Monday, June 16, 2014

What we didn't say

kw: book reviews, nonfiction, essays, family relations, discussions

My father never had "the talk" with me. My mother did instead. When a guy is 12, and the "extra hair" has begun to grow, it's embarrassing and intimidating! The concept, delivered with almost clinical detachment, seemed unbearably gross…I was still about 10, emotionally. However, later the knowledge thus imparted did help counteract the incredible speculations of schoolyard buddies who had a little actual information and lots of rubbish with it. But really, the "Be-Bopper" ditty passed along all the information truly needed:
Down by the river where nobody goes,
I saw a lady standing without any clothes.
Along came a Be-Bopper, swingin' a chain:
Down came the zipper, and out it came!
Three months later, she was starting to swell.
Six months later, she was fatter than hell.
Nine months later, out it came:
Three little Be-Boppers, swingin' a chain!
Details such as foreplay and so forth would have to come later.

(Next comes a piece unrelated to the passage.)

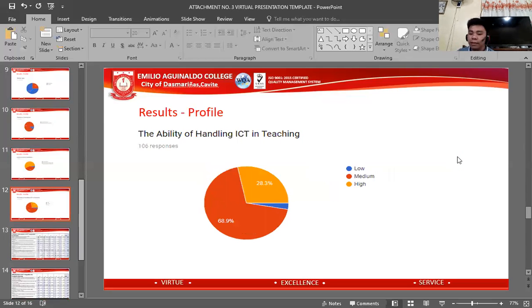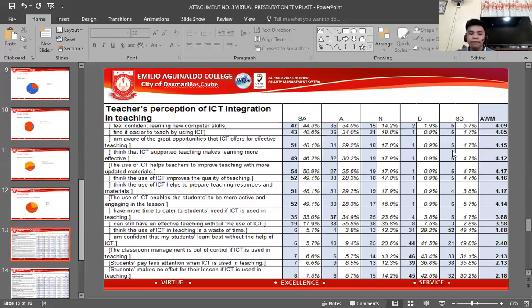Regarding ability in handling ICT in teaching, the majority of the respondents have a medium ability. Next, under the results for teachers' perception of ICT integration in teaching, two types of statements were used — positive and negative. The data gathered under positive statements is favorable, and under negative statements it is unfavorable. However, when the negative-unfavorable responses are converted, they also become favorable for the study.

In some families, fathers and sons do get chances to talk together. My father and I spent more time together than was common in the 1950s and we talked a lot (I believe my brothers all could report the same). Late in my college years, a friend came home with me for dinner, and remarked afterward, "Your family's table talk is at a pretty high level!" We're all rather chatty, and not much was off-limits.

The Geist family discussions seem to have steered away from "the talk" and a number of other meaningful subjects. As Bill and Willie Geist tell it, they wouldn't have it any other way. Father and son play literate ping-pong in Good Talk, Dad: The Birds and the Bees…and other Conversation we Forgot to Have. The book is really a 16-chapter mini-memoir for the two of them, a kind of comparing notes on significant events and what they mostly didn't say about them: which sports they did or did not excel at (Willie mainly excelled, his dad, not so much); how they learned to love how they hated going fishing together; what really happened to outrage a teacher, to much merriment all around; and how Willie's way into the TV world was pretty foreordained, having grown up with the living room or kitchen being transformed into a TV studio every month or so.

You can't say that Willie Geist was born with a silver spoon in his mouth. More like a silver pen in hand, or at least silver keyboard. A writer friend confessed to Bill that he'd re-type a column of Bill's "just to find out what writing that well feels like." Reading them both alternately, I find there is a little difference in voice but fully equal skill. They both write extremely well. Nature and nurture conspired to pass along Bill's way with words to his son. With Willie's children still so young, it is a little early to tell if the gift will continue, but I'm optimistic.

I don't really want to reveal more about the book. Whether you are a father or a son, or the wife or sister or mother of one, this book will crack open a window on an interesting family, maybe similar to yours, but more likely not. We're all human, but that umbrella is gigantic. And guys, don't feel too bad if you feel shorted in the father-son-bonding-talk arena. It's more usual than you think.